*** Opening GIVEN INFORMATION ***
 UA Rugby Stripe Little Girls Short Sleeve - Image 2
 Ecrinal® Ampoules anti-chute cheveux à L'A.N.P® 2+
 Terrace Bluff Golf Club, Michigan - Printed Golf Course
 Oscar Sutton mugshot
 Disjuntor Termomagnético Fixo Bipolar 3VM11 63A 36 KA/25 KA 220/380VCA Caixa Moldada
*** Closing GIVEN INFORMATION ***
*** Opening GIVEN INFORMATION ***
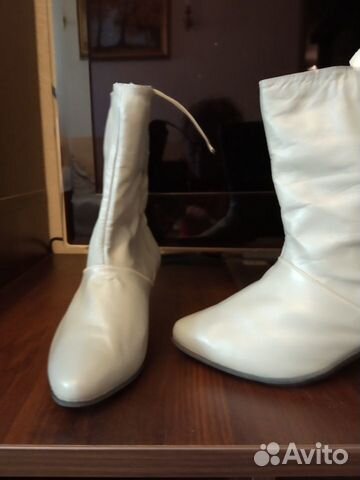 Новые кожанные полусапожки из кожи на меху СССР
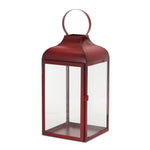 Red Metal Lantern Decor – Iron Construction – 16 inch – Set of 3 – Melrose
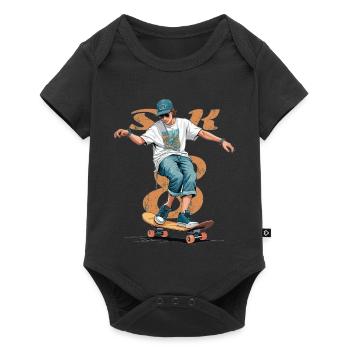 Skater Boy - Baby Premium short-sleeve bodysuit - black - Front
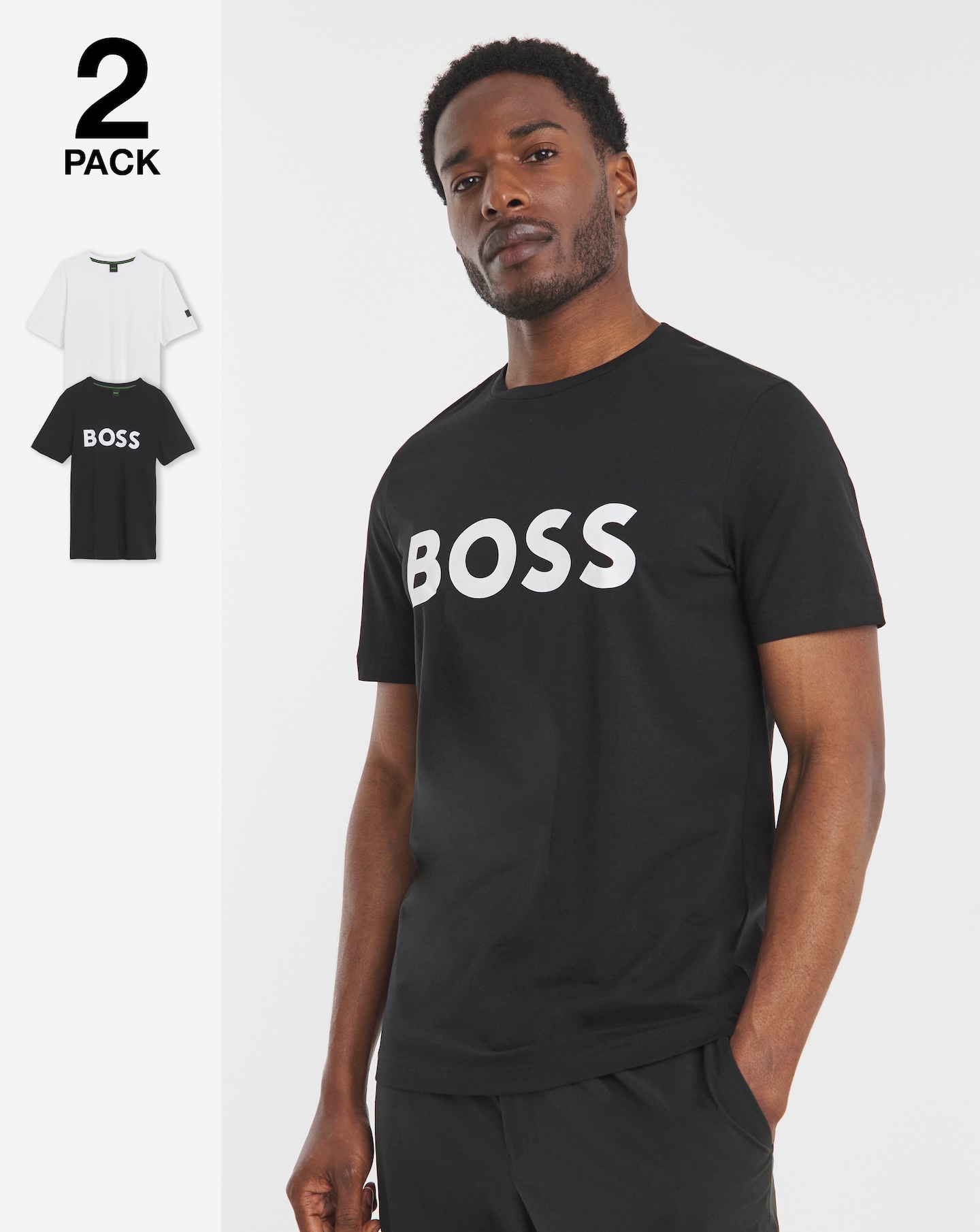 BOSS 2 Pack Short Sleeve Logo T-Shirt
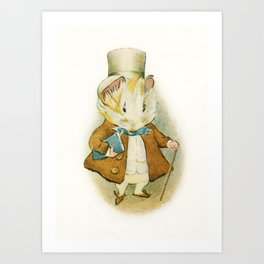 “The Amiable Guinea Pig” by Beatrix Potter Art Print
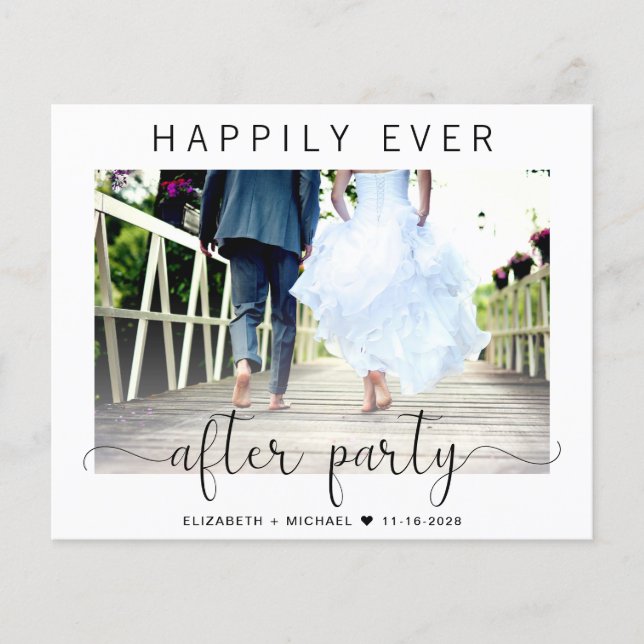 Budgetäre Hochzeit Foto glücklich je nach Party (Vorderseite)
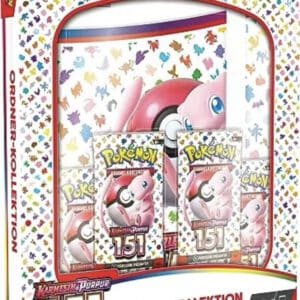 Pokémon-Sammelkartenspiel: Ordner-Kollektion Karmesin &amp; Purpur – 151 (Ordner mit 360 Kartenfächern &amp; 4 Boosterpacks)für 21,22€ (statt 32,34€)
*** Closing GIVEN INFORMATION ***
Output exactly the lines of the listing above that start with the one holding "BOSS 2 Pack Short Sleeve Logo T-Shirt" and go on through the one holding "Pokémon-Sammelkartenspiel: Ordner-Kollektion Karmesin"; leave the pictures out.

# TASK RESULT
 BOSS 2 Pack Short Sleeve Logo T-Shirt
 “The Amiable Guinea Pig” by Beatrix Potter Art Print
 Budgetäre Hochzeit Foto glücklich je nach Party (Vorderseite)
 Pokémon-Sammelkartenspiel: Ordner-Kollektion Karmesin &amp; Purpur – 151 (Ordner mit 360 Kartenfächern &amp; 4 Boosterpacks)für 21,22€ (statt 32,34€)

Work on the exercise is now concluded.